Una serie de estados contradictorios -depresión y optimismo, esperanza y desasosiego- se va apoderando de Alfonsina y la domina hasta que se libera de ellos, volcándose en sus libros:
El dulce daño,
Languidez, Ocre, Mascarilla y
Trébol. Su libro
Languidez, de 1920, había merecido el Primer Premio Municipal de Poesía y el Segundo Premio Nacional de Literatura.
Alfonsina intervino en la creación de la Sociedad Argentina de Escritores y participó intensamente en el gremialismo literario. En 1928 viaja a España en compañía de la actriz Blanca de la Vega, y repitió su viaje en
1931 en compañía de su hijo. Allí conoció a otras mujeres escritoras, y la poeta Concha Méndez le dedica algunos poemas.
En la Peña del café Tortoni conoció a Federico García Lorca, durante la permanencia del poeta en Buenos Aires.

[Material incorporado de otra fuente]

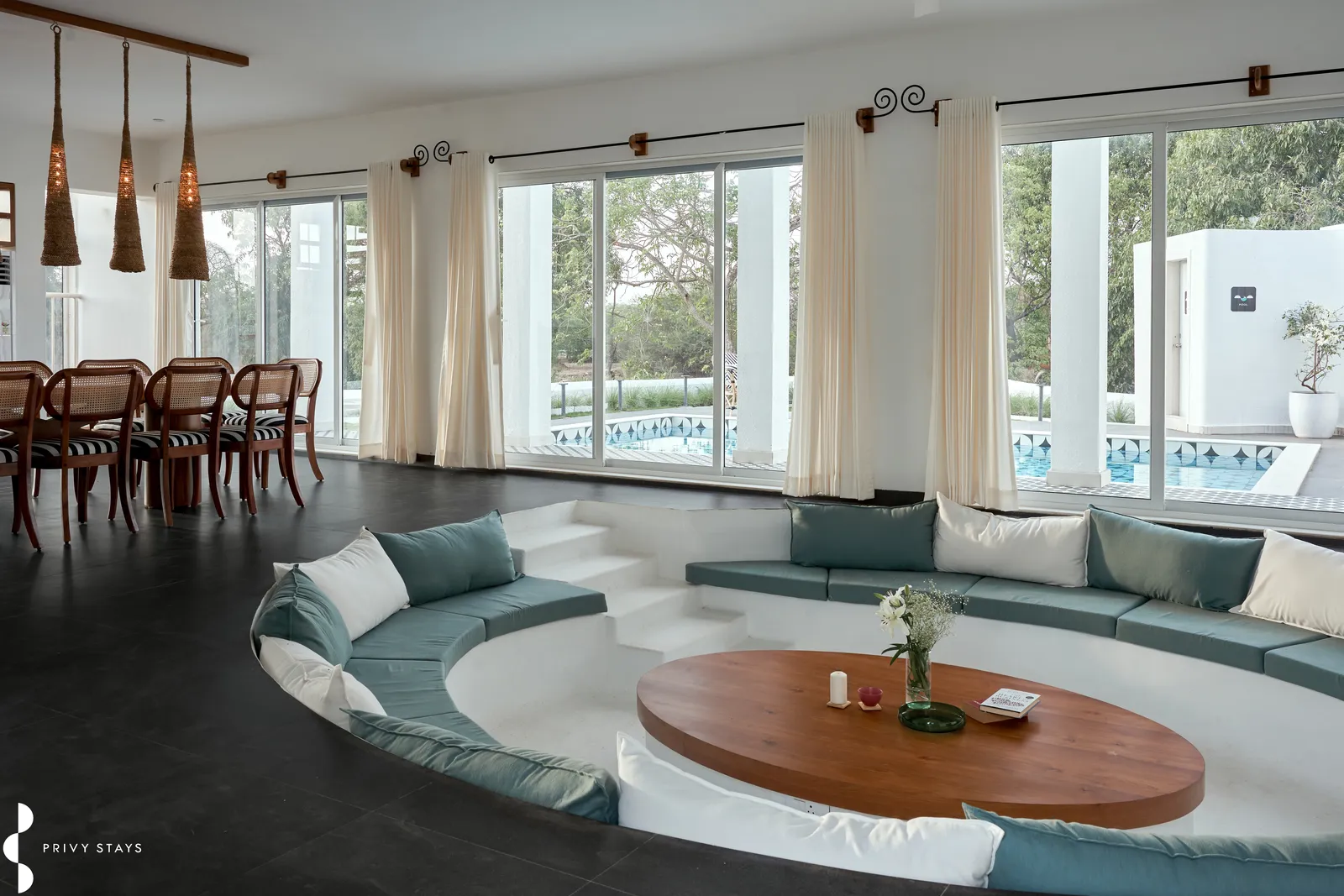 Circulla Villa By Privy Stays - view 3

Alfonsina le dedicó un poema, «Retrato de García Lorca»: «Irrumpe un griego / por sus ojos distantes
(...) Salta su garganta / hacia fuera / pidiendo / la navaja lunada / aguas filosas...»
El 20 de mayo de 1935 Alfonsina fue operada de un cáncer de mama. Al año siguiente se suicida su amigo Horacio Quiroga y ella le dedicó un poema conmovedor: «Morir como tú, Horacio, en tus cabales / y así como en tus
cuentos, no está mal / un rayo a tiempo y se acabó la feria ... / Allá dirán».
Un día, no pudiendo ya con la carga de su vida llena de contradicciones y desencantos, Alfonsina se fue al mar y se arrojó a las olas. Su cadáver apareció flotando frente a la playa en Mar del Plata. La ardiente
defensora del feminismo había soñado muchas veces, y así lo había dicho en sus versos, con una sepultura marina.
Pocos días antes de tomar su fatal decisión había escrito un soneto: «Voy a dormir», que termina así: «Déjame sola: oyes romper los brotes, / te acuna un pie celeste desde arriba / y un pájaro te traza unos compases
/ para que olvides... Gracias... Ah, un encargo: / si él llama nuevamente por teléfono / le dices que no insista, que he salido...»
Y mucho antes había compuesto para la tumba su propio epitafio: «Aquí descanso yo, dice «Alfonsina» / el epitafio claro al que se inclina. / Aquí descanso yo, y en este pozo, / pues que no siento, me solazo y gozo».